There are easy tests you can even do at home to see how huge these differences can be. Take a a pair of IEMs for example. Then play tones through them at 2 Khz, 4 Khz, 6 Khz and 8 Khz at the same volume setting(these are standard audiology frequencies). See how relatively loud they are to each other. Then stick the IEM in your ear (turning the volume control down to a safe level of course). You will hear a significantly different relative of loudness of those frequencies when the IEM is stuck in your ear canal versus what you heard when you had them out on the table. If you don't, then you are just incredibly lucky.
Or here is another test you can try. Play some white noise through a pair of high quality speakers, then manipulate your pinna - push the pinna so it is flat to your skull, then pull the pinna away as far as you comfortably can. Listen to the drastic effects that has on the balance of the white noise. You will hear it become much more dull when the pinna is against the skull and much brighter when it is as far out from the skull as you can go.

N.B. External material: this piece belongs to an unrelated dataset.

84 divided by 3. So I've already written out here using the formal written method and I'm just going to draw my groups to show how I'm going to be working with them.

It's all very well showing how a headphone response curve is similar to the inverse of a Fletcher-Munson curve, but again that is theory. If you actually examine the response curve in more detail - with much more accurate plotting of the frequencies and relative output levels - you will find it isn't neccessarily anywhere near as accurate as it is when it is just shown as a generic curve with a similar shape. When you get down to the precise details - the exact position and amplitudes of those peaks and troughs - you can be "out" by a huge amount.
And even if it did achieve "accuracy", it would only work properly if one assumes that an HTRF reading of your own actually matches off against the HRTF estimations made by the company who made the headphone. The chances of that happening are extremely slim indeed. The only way you could get a headphone that really worked correctly is to have one custom made - you would have to have your free field thresholds measured at a huge number of plot points in an anechoic chamber and then you would have to have a headphone made that produced those same thresholds.

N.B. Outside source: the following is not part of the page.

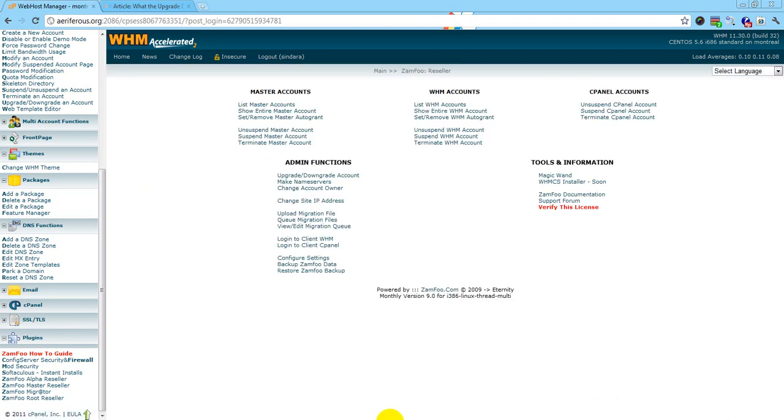That was pretty easy. Hopefully this tutorial helps you. I am Sundar from AFRIS.org. Bye.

This is where EQing can help to some extent, but as the OP correctly points out, the EQing required would be so incredibly sophisticated that it just would not be worth the trouble. You can certainly take a good EQ program and produce something which subjectively might make a pair of headphones sound tolerable and even subjectively good, but it is a thousand times easier just to buy a half decent pair of speakers if you want to approximate more closely what the original performance sounded like had you been in the audience.
We all hear differently, but at least with a pair of speakers, if you can achieve a reasonably flat measured response then you are most of the way there. Even if you have hearing loss or hypersensitivity, with a reasonably flat speaker it's not getting much in the way of the original recording. And with your own hearing (as good or bad as it may be), a flat pair of speakers are going to get you closer to what you would hear at the original performances, since you are using exactly the same pair of ears in both instances and you are using them in exactly the same way.
But as the OP points out -and as I have found in my own experiments over the last two years - headphones are just all over the shop. To get one that is accurate would be nothing more than an incredible fluke and worthy of you purchasing a lottery ticket to go along with it.
Using headphones is brain-bending stuff. It's why so many people keep upgrading them and complaining about sibilance, dullness, brightness, fatigue etc, whereas with a good pair of speakers, people can hold onto them for many years with contentment.